Speaking of al-Qaeda, on March 18, Joel Shrun, another American teacher, was shot dead eight times in Yemen by gunmen on a motorcycle. The assassins, who escaped after the attack, are members of the al-Qaeda linked “Supporters of Sharia” (which recently beheaded a “witch”). The group issued a message saying, “This operation comes as a response to the campaign of Christian proselytizing that the West has launched against Muslims,” calling Shrun “one of the biggest American proselytizers.”
Shrum’s employers strongly denied the charge: Shrum, 29, “was an American development worker who had been working in Yemen with his wife and two children since 2010. Unfortunately Joel S. has been accused of being a part of a proselytizing campaign, but the staff of ITDC, which consists of Muslims, Christians and other religions working together, has continually focused on human development, skill transfer and community development,” adding that “Joel S. was a very professional employee who highly respected the Islamic religion.” (Note the boilerplate kowtowing to Islam, which one would have thought unnecessary, at least in this context.)
However, an interview with Shrum’s wife makes clear that, not only was Shrum a devout Christian, but he likely shared his faith: “He lived in the reality that we are all created in the image of God and that nothing can separate us from the love of God…. These truths were an inspiration for everything that he did.” Moreover, there is no reason to doubt his Islamic murderers when they say he was killed for “proselytizing.” There are many other Americans in Yemen: if al-Qaeda was simply targeting American infidels in general, there would be more random killings.

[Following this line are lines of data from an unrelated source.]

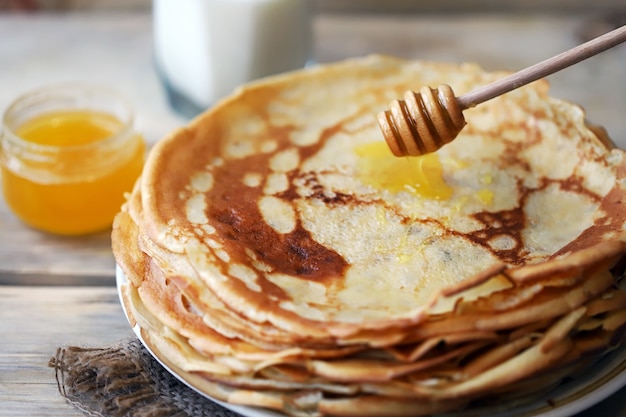 Een stapel pannenkoeken op een bord. Pannenkoekenweek.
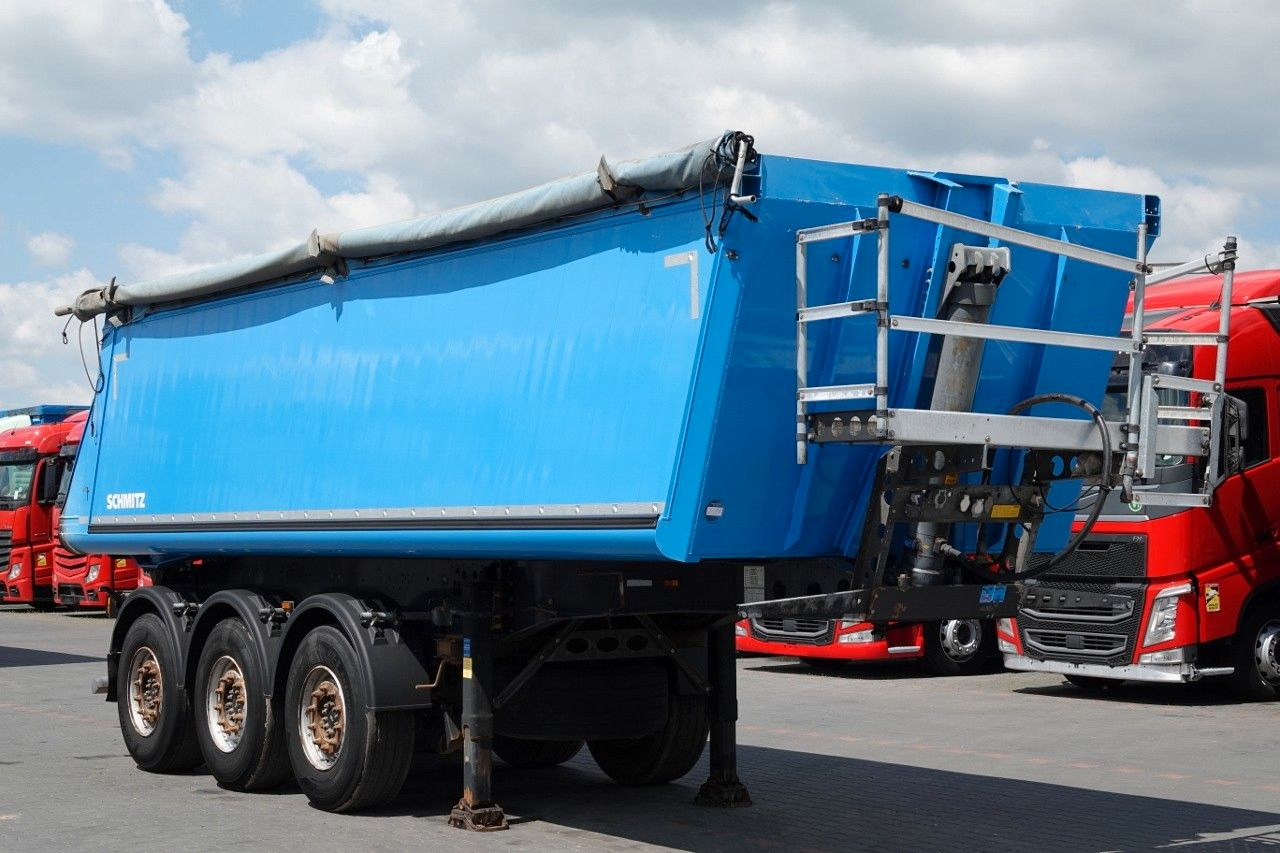 Schmitz Cargobull WYWROTKA 28 M3 / ALUMINIOWA / OŚ PODNOSZONA - Tippbil semitrailer: bild 1 Schmitz Cargobull WYWROTKA 28 M3 / ALUMINIOWA / OŚ PODNOSZONA - Tippbil semitrailer: bild 1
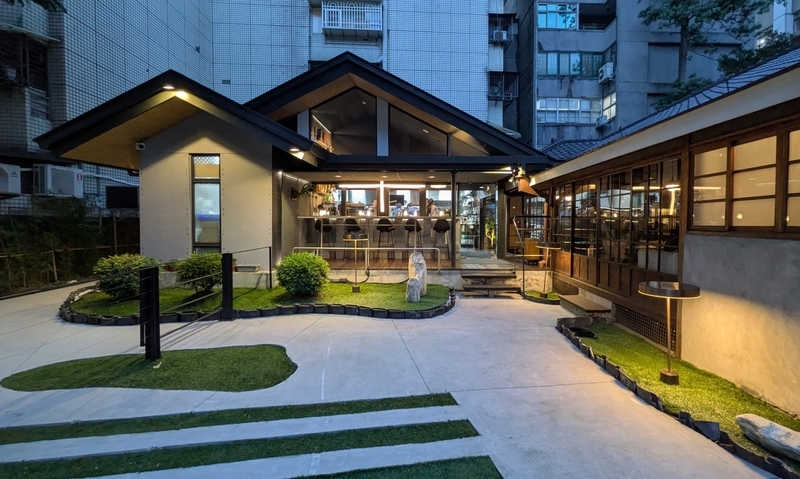 厨房・バーと客席として使われる日本家屋、そしてそれに付随する庭園の様子。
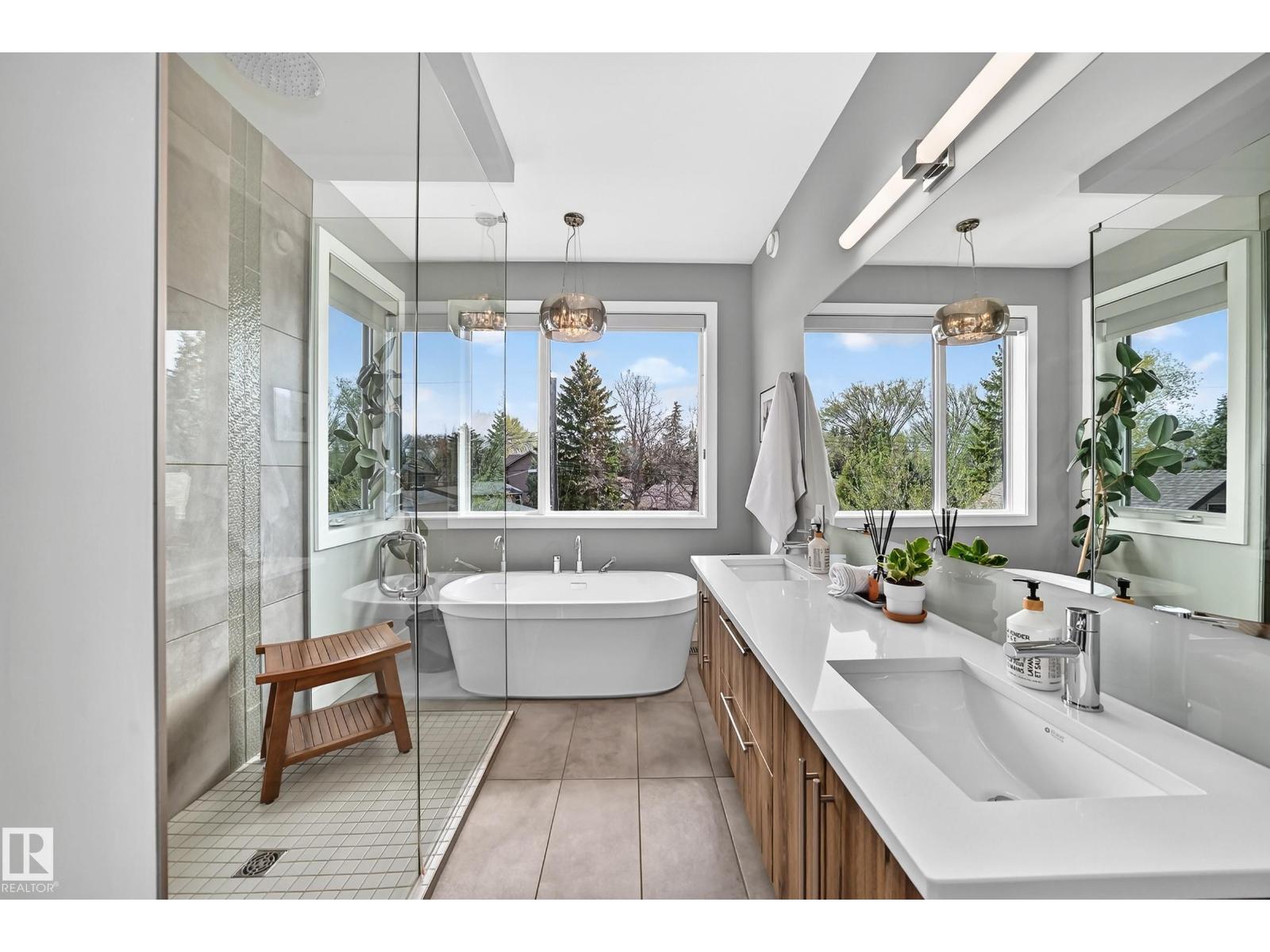 9235 148 ST NW - 36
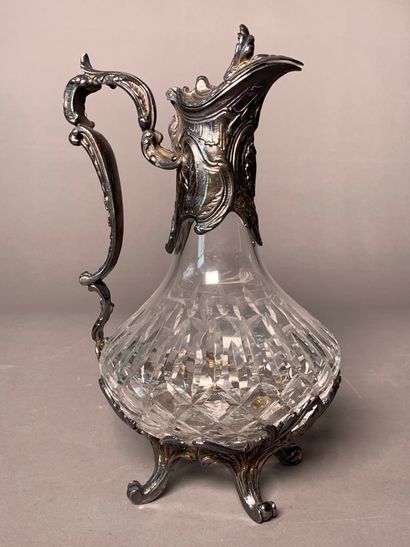 Aiguière en verre taillé, la monture en métal...
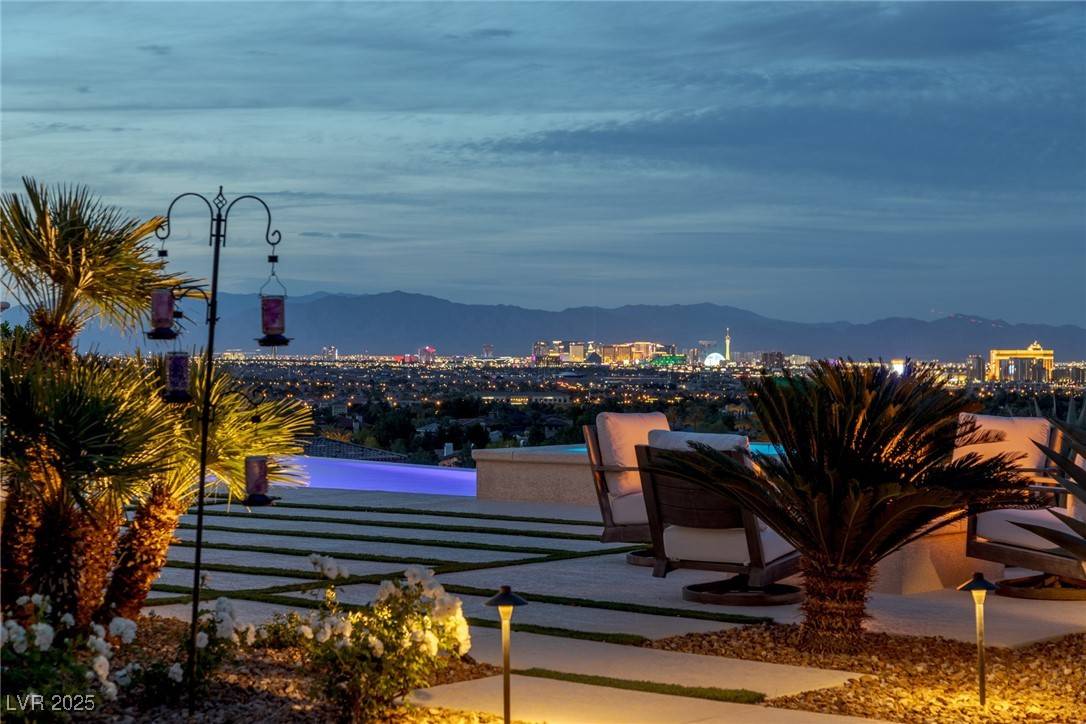 Las Vegas, NV 89141,2 Olympia Outlook DR
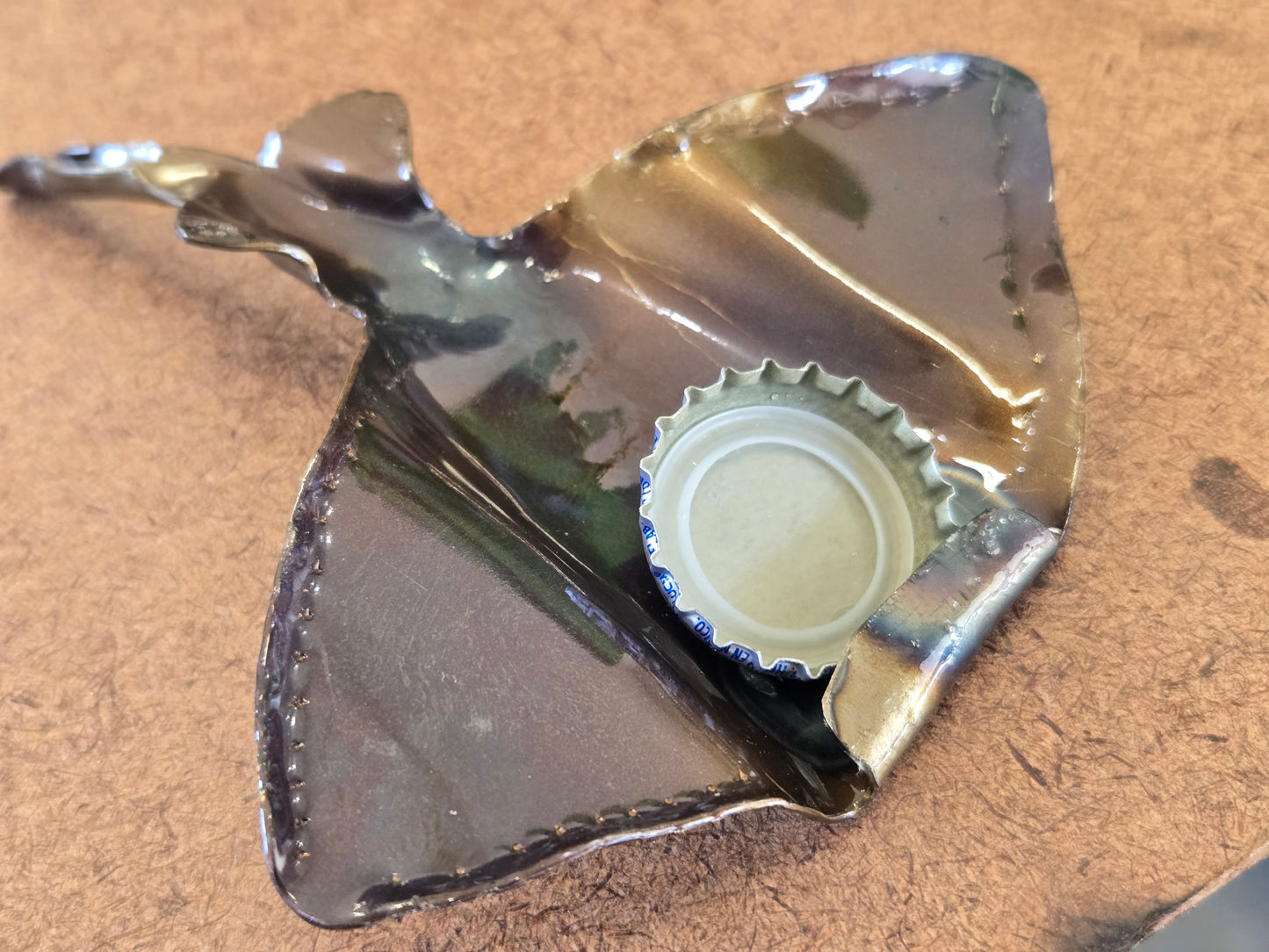 Metal stingray bottle opener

To conclude, Small and Shrum were not missionaries devoted to proselytizing Muslims—if so, they would have probably been killed earlier—but they were Christians who were not hesitant to share the Gospel with anyone showing interest, including the Muslims of Iraq and Yemen. This was enough to kill them—the one by a student, the other by al-Qaeda.
Finally, it is well to recall that these two Americans had nothing in common with the indigenous Christians of the Muslim world; the arguments used to dispel the persecution of the latter—sectarian strife, political machinations, etc.—do not apply to the former. Instead, the only thing they have in common is Christianity. This reaffirms, yet again, that the animosity that killed the Americans Small and Shrum, is the same animosity that persecutes and kills the Islamic world’s Christian minorities—an animosity fundamentally based on religious intolerance.